[Opening THE INPUT section]

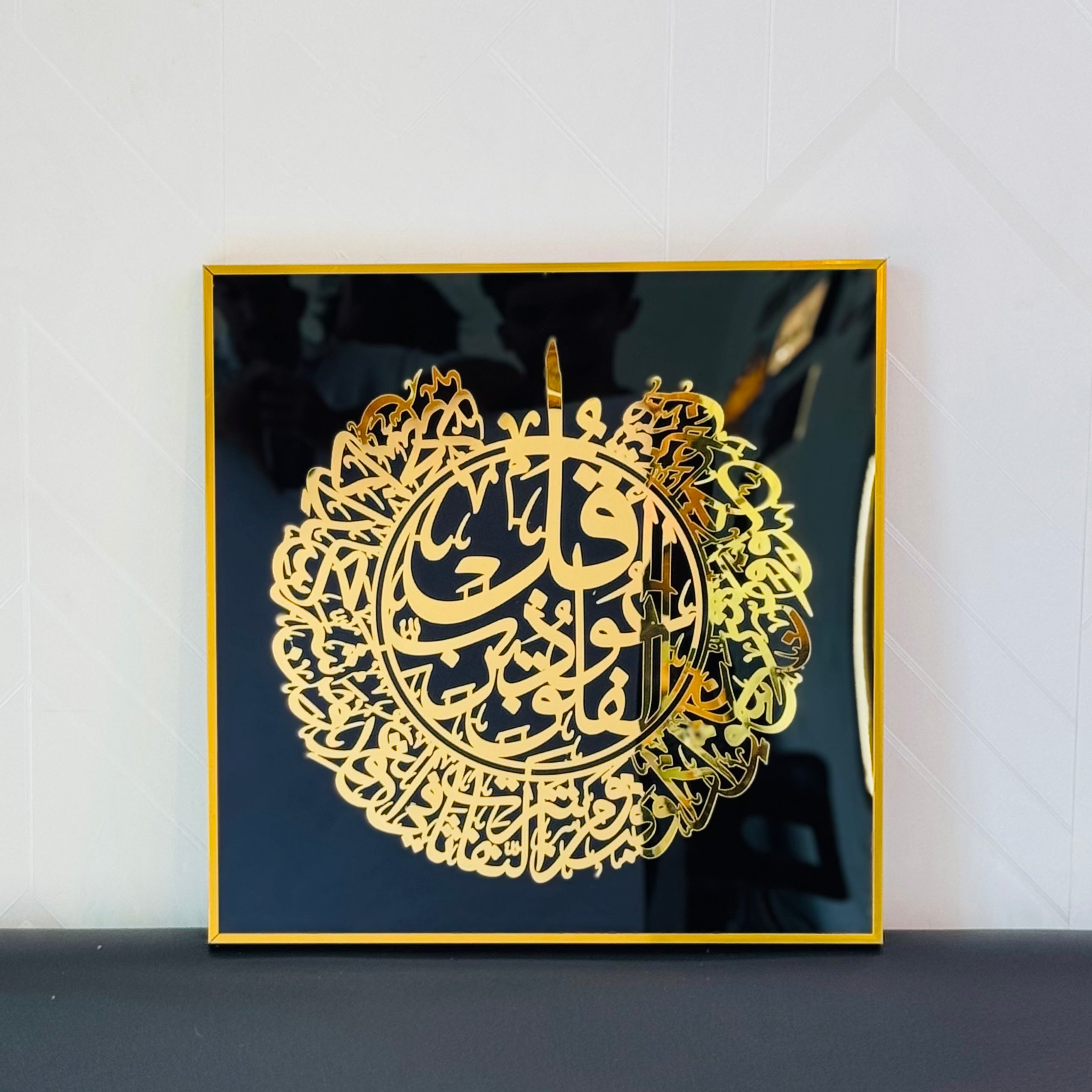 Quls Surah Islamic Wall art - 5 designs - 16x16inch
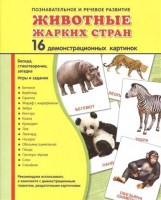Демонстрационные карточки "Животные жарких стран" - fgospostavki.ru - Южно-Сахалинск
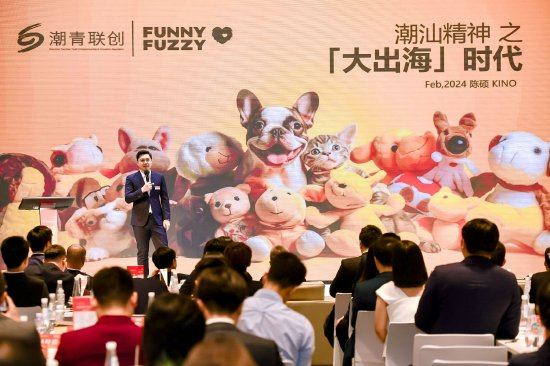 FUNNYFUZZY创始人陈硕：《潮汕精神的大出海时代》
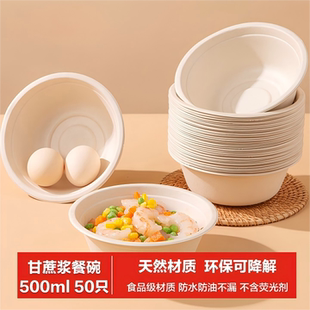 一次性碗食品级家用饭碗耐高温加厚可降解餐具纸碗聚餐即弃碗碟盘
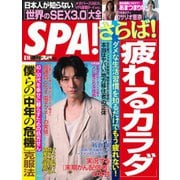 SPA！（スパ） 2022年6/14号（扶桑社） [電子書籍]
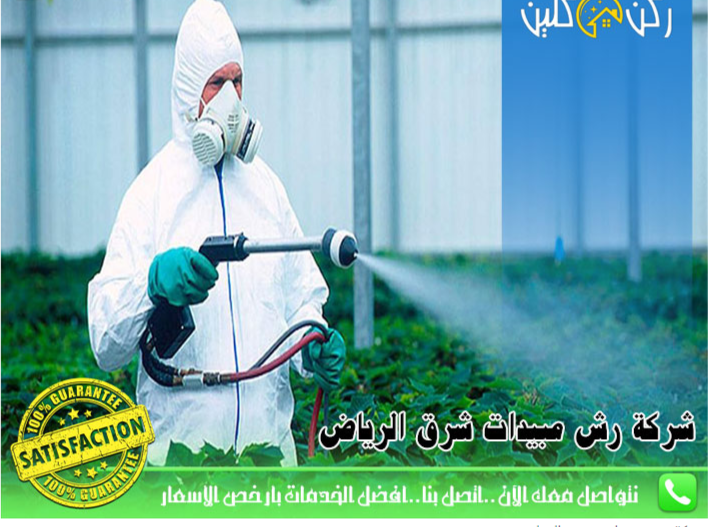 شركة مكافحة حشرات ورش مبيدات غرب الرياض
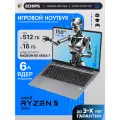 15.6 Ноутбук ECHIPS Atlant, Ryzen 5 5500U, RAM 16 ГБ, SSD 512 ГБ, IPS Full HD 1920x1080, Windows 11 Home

[Closing THE INPUT section]

WHAT THE TASK REQUIRES: Please restate exactly the lines from the one containing "SPA！（スパ） 2022年6/14号（扶桑社） [電子書籍]" down to the end of the material, both ends kept, and do not include the pictures.

TASK RESULT:
 SPA！（スパ） 2022年6/14号（扶桑社） [電子書籍]
 شركة مكافحة حشرات ورش مبيدات غرب الرياض
 15.6 Ноутбук ECHIPS Atlant, Ryzen 5 5500U, RAM 16 ГБ, SSD 512 ГБ, IPS Full HD 1920x1080, Windows 11 Home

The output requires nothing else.